“In Search of Palestine – Edward Said’s Return Home.” BBC films, 1998.

 

Said’s film shares the central concern of Salman Abu Sitta’s talk of February 6th- the longing to return to a home one was forced to flee from and the sense of burning injustice at being prevented from doing so. It extends and exemplifies what he wrote in a piece for The London Review of Books in February 1984, “Permission to Narrate”, written after the 1982 Israeli invasion of Lebanon and complicity in the Sabra and Chatila massacres and also a title that sums up the refusal of the so-called Free World to allow the Palestinian narrative to be heard.

In this fifty-minute film made in 1998 – fifty years after the Nakba – there is no mention of the JNF as such, but its shadow falls over many of the issues discussed by Said and the activities it is still practising are seen to have been present then. It’s an emotional film, starting in the school where his grandfather had played cricket and finishing with Said, looking at the ground, shaking his head in bewildered disbelief.

He deals with the issues of land seizure and ownership, of the impossibility of Palestinian building permits, of the tragedy of Oslo and its hopelessly defeatist division of the West Bank, at a time when these issues were even more ignored in the world outside than they are now.

He stands outside what was his family’s home in Jerusalem, film of the present intercut with pictures of his family members in the garden. His father and grandfather had been born there, his mother hailing from Nazareth, but the family was forced to flee in 1947 and a Jewish family had taken it over. Said just mutters the word “unfair” to describe this; his American-born son, accompanying him, wonders why they can’t get it back. This question goes unanswered.

Immediately one thinks of the Sumarin family, currently fighting to retain their property in Silwan, trying to resist being driven out, being hounded by the JNF surrogate Himnuta and the Abramovich-funded Elad Settler movement.

Said visits Deir Yassin and speaks to a woman who had 25 members of her family killed in the village by a Jewish militia in April 1948. A youthful Ilan Pappé, interviewed, confirms that historians could now show that Palestinians had left their villages because they had not the means to defend them against such massacres and not because the Arab countries had told them to, a myth that at the time of the making of the film had only recently been rebutted.

In snatches of conversation with another Palestinian who had left for the USA, Ibrahim Abul Linghod, Said recounts how the Israeli victory in June 1967 had been a shattering blow to those who had felt that they were just waiting to return to their rightful homes and land and saw in the defeat, a crushing blow to these hopes. He had also been shocked by the racism of the US media in their coverage of the “war”, so much so that he wrote “The Arab Portrayed” to counter it.
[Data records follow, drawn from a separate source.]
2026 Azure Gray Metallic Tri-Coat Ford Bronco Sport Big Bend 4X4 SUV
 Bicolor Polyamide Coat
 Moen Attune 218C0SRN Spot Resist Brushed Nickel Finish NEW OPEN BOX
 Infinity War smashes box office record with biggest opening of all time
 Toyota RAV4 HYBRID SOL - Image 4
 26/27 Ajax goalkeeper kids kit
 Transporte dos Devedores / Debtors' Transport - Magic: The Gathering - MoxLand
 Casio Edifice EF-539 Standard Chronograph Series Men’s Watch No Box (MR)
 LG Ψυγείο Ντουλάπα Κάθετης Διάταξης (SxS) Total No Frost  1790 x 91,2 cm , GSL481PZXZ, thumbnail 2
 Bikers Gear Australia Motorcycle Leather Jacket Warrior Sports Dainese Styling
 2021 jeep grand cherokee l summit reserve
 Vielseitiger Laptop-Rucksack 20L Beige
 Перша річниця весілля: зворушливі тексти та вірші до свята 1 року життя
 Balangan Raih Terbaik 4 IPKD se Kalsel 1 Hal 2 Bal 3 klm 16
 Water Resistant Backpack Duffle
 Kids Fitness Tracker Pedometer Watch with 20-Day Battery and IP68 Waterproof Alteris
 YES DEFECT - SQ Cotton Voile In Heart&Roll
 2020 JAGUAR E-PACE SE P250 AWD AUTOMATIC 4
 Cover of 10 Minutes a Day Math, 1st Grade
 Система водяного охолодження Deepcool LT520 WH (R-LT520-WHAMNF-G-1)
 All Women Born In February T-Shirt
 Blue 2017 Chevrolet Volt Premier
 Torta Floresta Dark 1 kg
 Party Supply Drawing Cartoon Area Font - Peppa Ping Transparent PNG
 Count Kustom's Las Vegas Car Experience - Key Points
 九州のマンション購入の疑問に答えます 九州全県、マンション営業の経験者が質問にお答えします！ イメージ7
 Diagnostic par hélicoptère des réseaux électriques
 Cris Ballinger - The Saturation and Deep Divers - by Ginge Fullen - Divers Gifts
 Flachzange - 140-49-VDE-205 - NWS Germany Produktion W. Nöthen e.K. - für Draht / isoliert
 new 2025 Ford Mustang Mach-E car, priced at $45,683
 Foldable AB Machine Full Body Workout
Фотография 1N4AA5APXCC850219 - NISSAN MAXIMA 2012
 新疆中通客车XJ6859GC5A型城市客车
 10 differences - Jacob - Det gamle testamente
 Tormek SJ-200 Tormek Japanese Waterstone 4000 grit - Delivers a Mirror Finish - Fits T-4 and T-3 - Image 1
Other conversations with figures like Mahmoud Darwish and Daniel Barenboim give to the film a cultural element not often found, though the most radical of his interlocutors is Israel Shahak who refers to “annexation, apartheid and stolen land”. He also sums up the Oslo Accords as part of the process of joining the Palestinian Authority to the Israeli Government as parts of the same system.

These criticisms have become commonplace now, but I don’t believe that they were then, just five years after the documents were signed. The choice of “apartheid” as the word that best sums up the social situation between the river and the sea, alongside the pithy and cogent definition of this as “demographic separation without sovereignty” showed Shahak to have been as clear-sighted as he was fearless.

In a talk to a Palestinian audience during the visit, Said spells out his prescription: mass mobilisation for non-violent resistance. Palestinians could not prevail in an armed struggle, even if they could procure the arms, but they did not have to “construct failure” he asserted, in a memorable phrase.

In a discussion with a number of young Palestinian citizens of Israel, he hears them say that they have no intention of leaving what, post-1948, is known as Israel but they are not going to accept second-class citizenship either.

By this time, 1998, Said knew that he was suffering from an incurable leukaemia and probably had only a few years to live. For him, the film was overwhelmingly saddening; the Palestinians were utterly defenceless, had no voice, no hope of just treatment. At times, his own voice trails away and he seems close to tears, as if lost for words. There is a sense of a simple, strong, humanity when he appeals to individual IDF soldiers to think about what they are doing. And, in 1998, all this is before the “Separation Wall”, the endless checkpoints that his journey then was not subject to, the Nation State Law that spells out to Palestinian citizens of Israel that they are, indeed and de jure, second-class citizens, the moving of the US embassy to Jerusalem in defiance of International Law, and so on.

For us now, looking back the twenty-three years since the making of the film, the issues are the same. We are bringing them out into the open in our campaign to stop the JNF: the charity for ethnic cleansing, for a faux environmentalism to obscure and hide numerous crime scenes. Its “charitable” status in the UK is a mockery of what the word is supposed to mean.

Thanks to Said and many others, the Palestinians do have a voice, both their own and through their worldwide support. The tide is turning.